Whether you’re an avid RVer or a first-time buyer, you’ll likely interact with an RV salesperson at some point. When you do, keep in mind that every transaction is the crossroads of two different goals: the buyer, who wants to save money; and the seller, who wants to make money. However, both goals can be achieved with thoughtful planning, thorough research, and an understanding of the RV purchase process. RVT has five tips for working with your RV salesperson for the best deal.

1.. Know What You Want (and Why)

Before stepping foot into the dealership, know what your absolute must-have features are, and what you can be flexible on. At minimum, you should be able to clearly communicate the following: 

  • Bottom line total budget (what you’re willing to pay if you were to write a check for everything today)
  • Towing capacity (if applicable)
  • How many people (and pets!) you need room for
  • How and where you’ll be using your RV, and how often
  • Your must-have amenities 

If you’ll be working remotely while exploring the great outdoors, maybe you’d be interested in things like solar panels. If you want to travel with friends and family, an outdoor entertainment system could be perfect. Whatever your plans are, let your dealer know so they can recommend an RV that best fits the RV lifestyle you’ve been dreaming about. 

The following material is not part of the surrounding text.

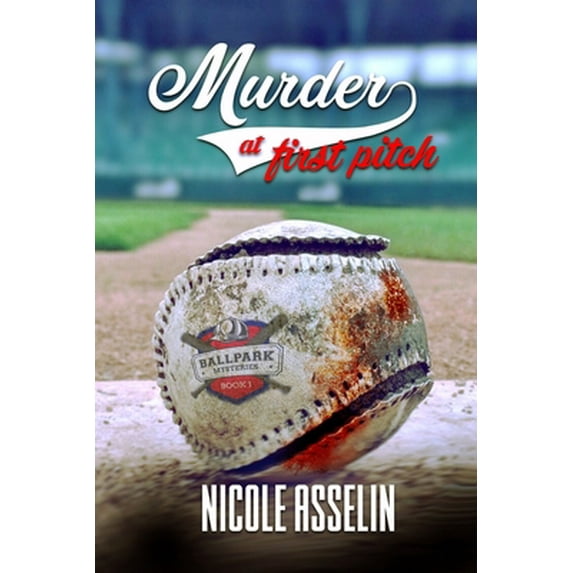 Pre-Owned Murder at First Pitch: Ball Park Mysteries: Book 1 (Paperback) 1950627217 9781950627219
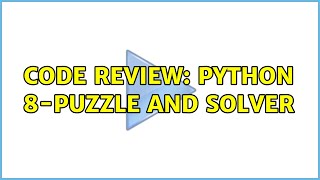 Code Review: Python 8-Puzzle and solver (4 Solutions!!)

3. Come Prepared With Research

Browse through RVT.com listings to get a feel for what models are selling at what prices, and in what condition. Look at multiple dealers, too; chances are high that if you’re able to tell your salesperson that the dealer down the street is selling the same RV for much less (and it’s not a bluff), they’ll be willing to match or beat that deal.  

Research will also help you know what potential add-ons you can ask for if the dealer wants to beat that deal down the street. Sometimes they’re willing to throw in extras to push the deal over the edge, so don’t be afraid to ask!  

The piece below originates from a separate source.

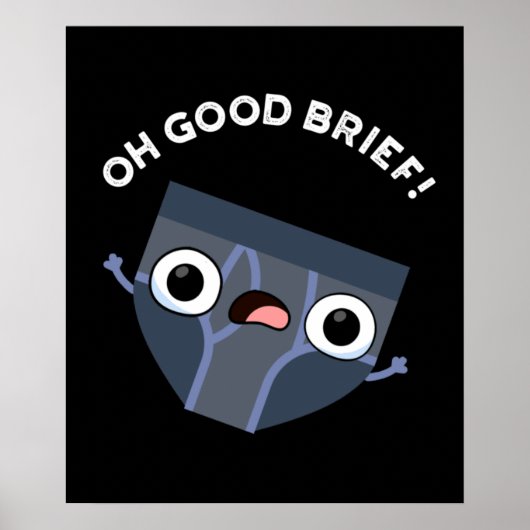 Oh Good Brief Funny Underwear Pun Dark BG Poster (Voorkant)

4. Know Your Budget and Stick to It

The entire transaction hinges on what you’re able (or willing) to pay for. Some RV enthusiasts are fervent believers in only paying in cash, so they’re not left with lingering debt on an asset that is not going to build equity like a traditional home. But others believe that financing is worth it if you can do it responsibly (please don’t go “RV poor,” save that money for all the adventures you’ll want to have with your RV!).

Being firm with your budget actually helps your salesperson, because they’ll know the parameters they have to work within when showing you Class A RVs and other motorhomes. 

5. Let the Sales Cycles Work in Your Favor

If you’re looking for the absolute best deal, visit your dealer when they have a greater urgency to sell. As with many businesses, you just might find that the end of each month could be a better time to snag a deal, since salespeople could have lingering sales quotas they need to meet. Additionally, the end of the camping season and the beginning of the offseason might be a good time to buy from some dealers, as there’s less consumer interest at these times, so they may be especially excited to see a customer walk through their door. Finally, check with your specific dealership, but late December could also be a prime time for a purchase, as many dealers are eager to make room on their lots for the new year’s inventory.

In each of those scenarios, your purchase could make all the difference for your dealer – and who knows? Maybe they’ll throw in a few extra perks in order to help clinch the deal!

BONUS TIP – Honor Your Salesperson’s Commitment

Your salesperson found you a gorgeous new fifth-wheel RV or other perfect motorhome, but you’re the type of person who needs to sleep on big decisions before making them. That’s okay! Just make sure that when you’re ready to come back in, it’s when that particular salesperson is working. They did all the work to connect you to your dream RV, so honor their efforts by making sure your business, and the commission, goes to them.